All mentioned operations manipulate the metadata (shape, stride) of the tensor and will not use more memory in this particular line of code.
However, the result will be a non-contiguous tensor, and the next _temp1.contiguous() call (either manually or in a function) will trigger the copy and use more memory.
You cannot avoid this copy, if a method needs a contiguous tensor to operate on.
decrease the tensors dimension, then increase the tensors dimension again or
increase the tensors dimensions and then use depth-wise convolution or
use mixed-precision training
I know I can use https://github.com/NVIDIA/apex for the mixed precision training.
However, I am not sure how to modify the code for suggestions 1 and 2 above.
So, are you implying that torch.cdist() function itself contains contiguous() call ?
I tried to replace torch.cdist() using fast_cdist() as shown below.

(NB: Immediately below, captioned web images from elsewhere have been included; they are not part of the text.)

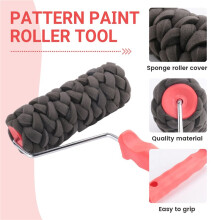 Pattern Paint Roller Tool Environmental Protection Stamp Painting Decorative Cylinder Tools Imitate Stone for Wall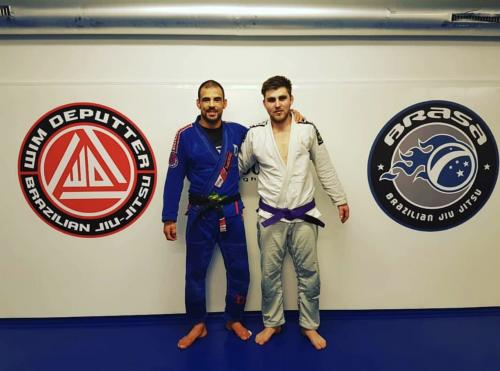 Purple belt · February 28, 2019 · Promoted by Wim Deputter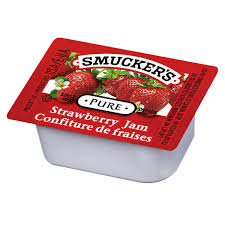 SMUCKER'S STRAWBERRY JAM 200 CT .5 OZ #ROCK VALUE-ORDER BY  TUESDAY EVENING NOV 25 ARRIVING DEC 03 FOR DELIVERY#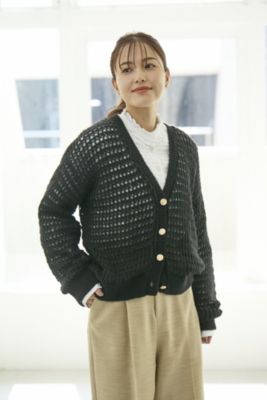 TRICOTS JEAN MARC(トリコット ジーン マーク)のメッシュ編み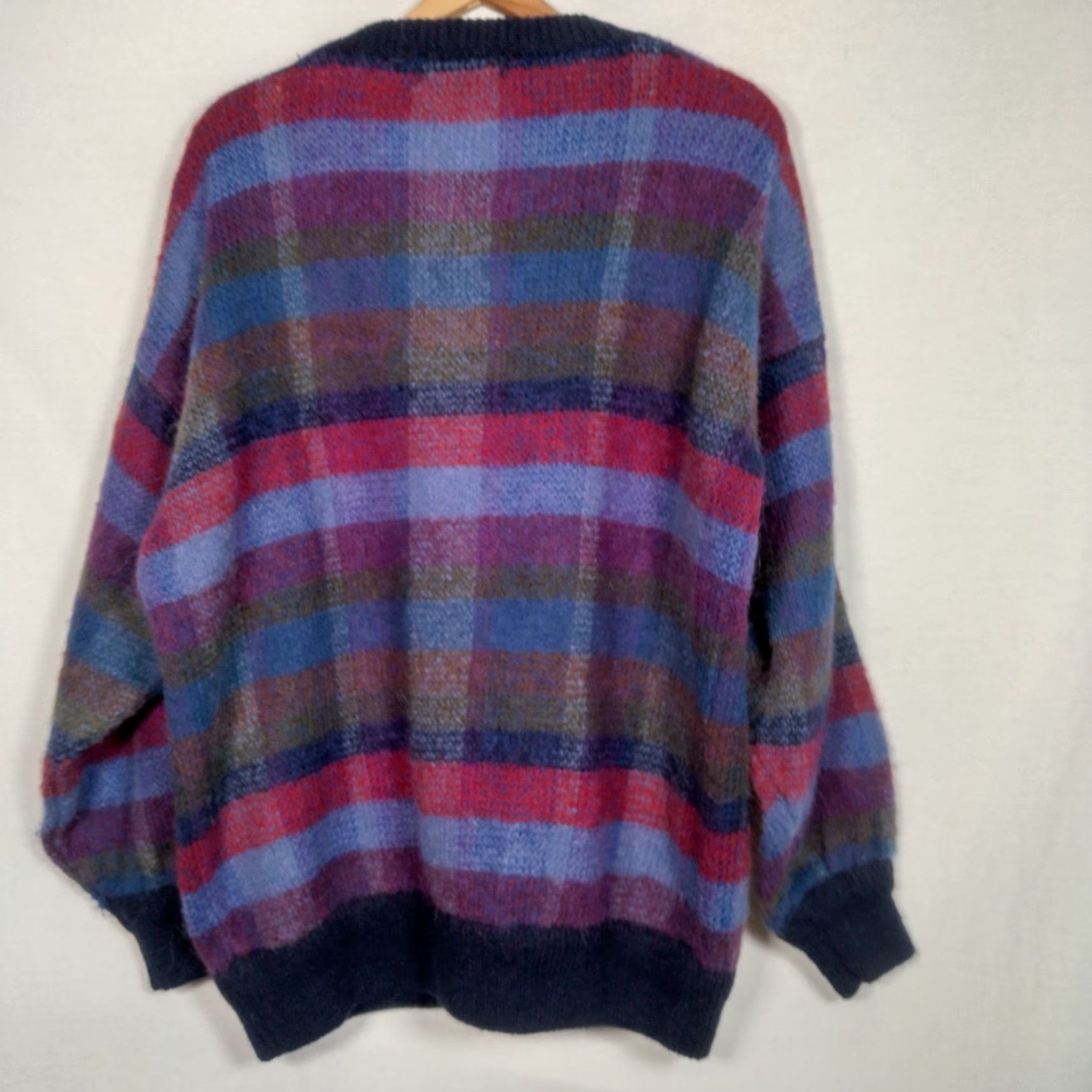 Vintage VINTAGE Colter Bay International Women's Cardigan Sweater M Long Sleeve Knit Striped Mohair Blend Fall Winter Casual Size M / US 6-8 / IT 42-44 - 2 Thumbnail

However, I still have GPU out-of-memory error.
def fast_cdist(x1, x2):
adjustment = x1.mean(-2, keepdim=True)
x1 = x1 - adjustment
x2 = x2 - adjustment # x1 and x2 should be identical in all dims except -2 at this point
# Compute squared distance matrix using quadratic expansion
# But be clever and do it with a single matmul call
x1_norm = x1.pow(2).sum(dim=-1, keepdim=True)

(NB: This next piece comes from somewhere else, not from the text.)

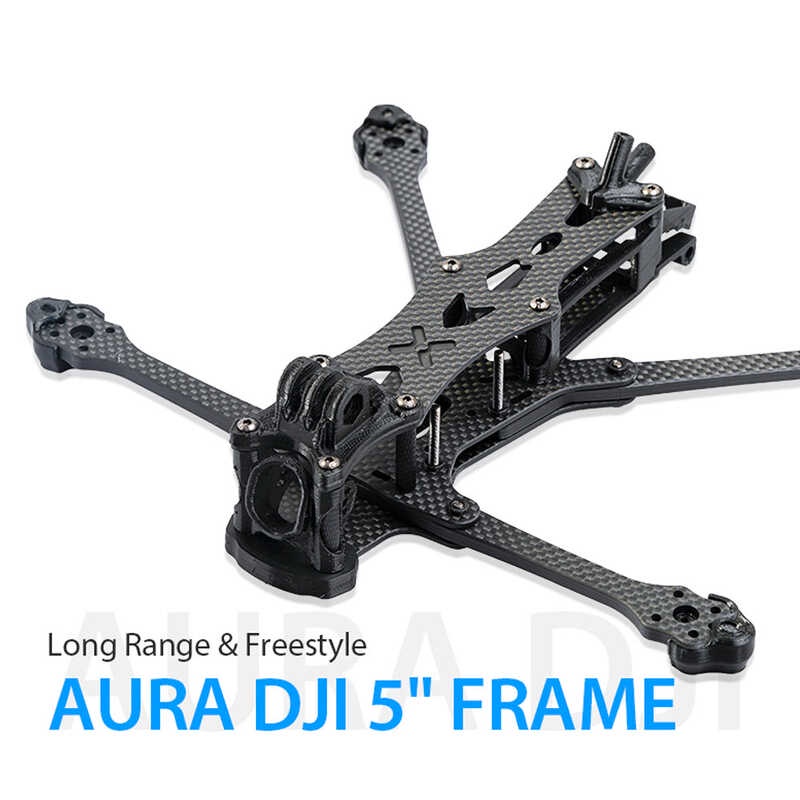Foxeer Aura 5 Inch 235mm DJI/Vista/Analog Freestyle Long Range Frame ...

x1_pad = torch.ones_like(x1_norm)
x2_norm = x2.pow(2).sum(dim=-1, keepdim=True)
x2_pad = torch.ones_like(x2_norm)
x1_ = torch.cat([-2. * x1, x1_norm, x1_pad], dim=-1)
x2_ = torch.cat([x2, x2_pad, x2_norm], dim=-1)
res = x1_.matmul(x2_.transpose(-2, -1))
# Zero out negative values
res.clamp_min_(1e-30).sqrt_()
return res
Probably yes, and these lines are probably the right ones.
In your code other methods, such as torch.cat will create contiguous tensors as seen here:
a = torch.randn(1, 1).expand(10, 10)
print(a.is_contiguous())
> False
b = torch.randn(10, 10)
print(b.is_contiguous())
> True
c = torch.cat((a, b), dim=1)
print(c.is_contiguous())
> True
The main issue, is that your data is too large for the applied operations, as at least some of them work on contiguous tensors, which will create the memory increase.
For mixed-precision training, I would recommend to install the nightly and use native amp as described here.
As for using pytorch native amp library, I have the following runtime error with train.py
Traceback (most recent call last):
File "train.py", line 112, in <module>
loss, outputs = model(imgs, targets)
File "/usr/local/lib/python3.6/dist-packages/torch/nn/modules/module.py", line 563, in __call__
result = self.forward(*input, **kwargs)
File "/home/rog/Downloads/PyTorch-YOLOv3/models.py", line 266, in forward
x, layer_loss = module[0](x, targets, img_dim)
File "/usr/local/lib/python3.6/dist-packages/torch/nn/modules/module.py", line 563, in __call__
result = self.forward(*input, **kwargs)
File "/home/rog/Downloads/PyTorch-YOLOv3/models.py", line 203, in forward
loss_conf_obj = self.bce_loss(pred_conf[obj_mask], tconf[obj_mask])
File "/usr/local/lib/python3.6/dist-packages/torch/nn/modules/module.py", line 563, in __call__
result = self.forward(*input, **kwargs)
File "/usr/local/lib/python3.6/dist-packages/torch/nn/modules/loss.py", line 520, in forward
return F.binary_cross_entropy(input, target, weight=self.weight, reduction=self.reduction)
File "/usr/local/lib/python3.6/dist-packages/torch/nn/functional.py", line 2417, in binary_cross_entropy
input, target, weight, reduction_enum)
RuntimeError: torch.nn.functional.binary_cross_entropy and torch.nn.BCELoss are unsafe to autocast.
Many models use a sigmoid layer right before the binary cross entropy layer.
In this case, combine the two layers using torch.nn.functional.binary_cross_entropy_with_logits
or torch.nn.BCEWithLogitsLoss. binary_cross_entropy_with_logits and BCEWithLogits are
safe to autocast.
As the error message stats, you should replace the usage of sigmoid + nn.BCELoss to logits + nn.BCEWithLogitsLoss, as the former approach is unsafe for autocasting.
I am also getting this error, the output of my model uses F.sigmoid. When i compute loss I use BCELoss. If I decide to use autocast, should I just remove sigmoid and use bcelosswithlogits?